Your output should be the lines from the one containing "WoW Classic Hardcore" through the last line below, both ends included, exactly as written and free of pictures.

Image-caption web data:
┌────────

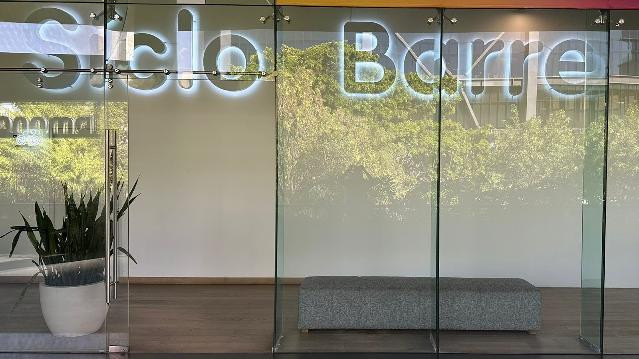 Imagen 2 de la galería del partner Barre Sí - Midtown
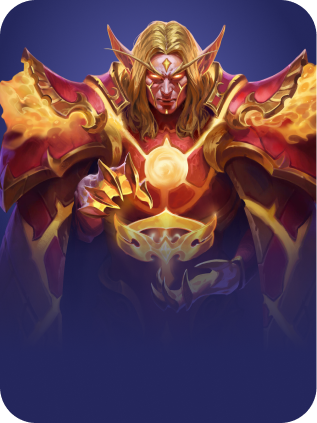 WoW Classic Hardcore | 20th Anniversary banner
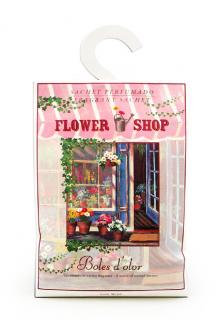 Vonný sáček | Flower Shop | 2 velikosti větší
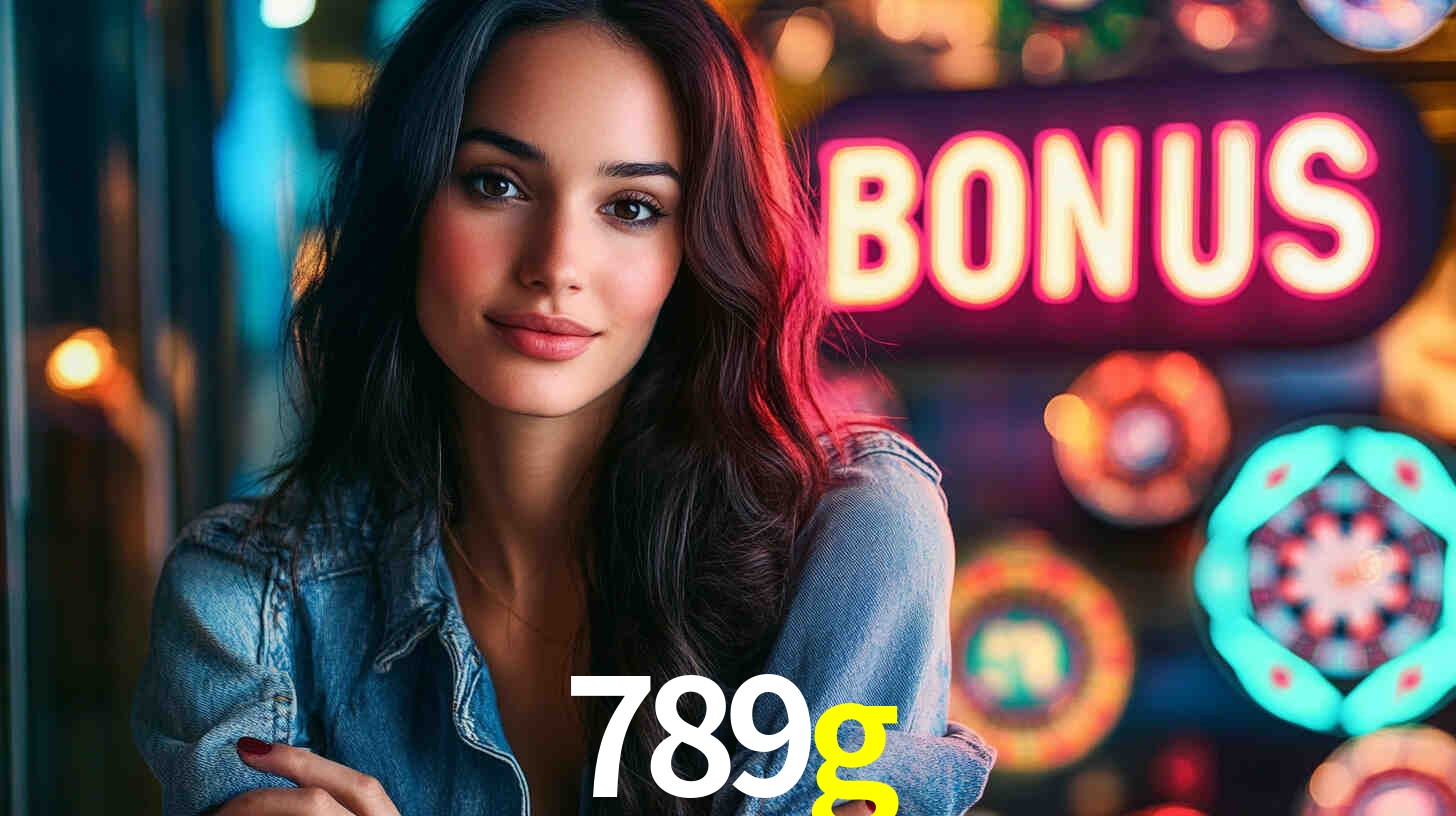 789g: A Experiência de Casino com Jogos de Mesa ao Vivo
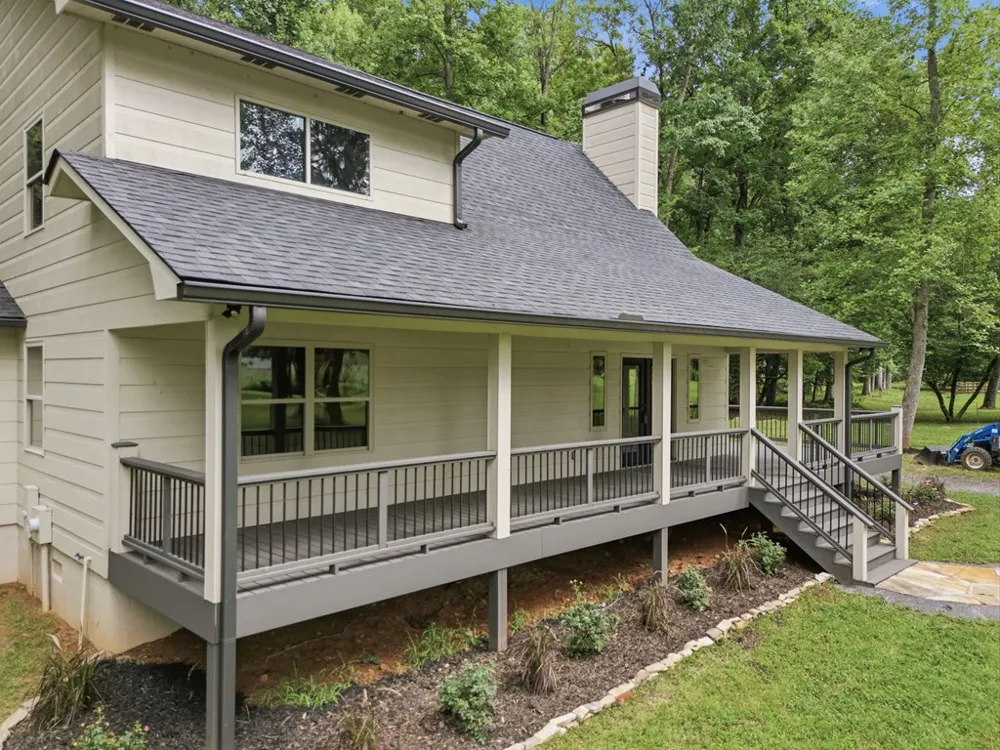 124 W Mountain Meadows Hayesville, NC 28904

└────────

▶ RESULT OF THIS EXERCISE:
 WoW Classic Hardcore | 20th Anniversary banner
 Vonný sáček | Flower Shop | 2 velikosti větší
 789g: A Experiência de Casino com Jogos de Mesa ao Vivo
 124 W Mountain Meadows Hayesville, NC 28904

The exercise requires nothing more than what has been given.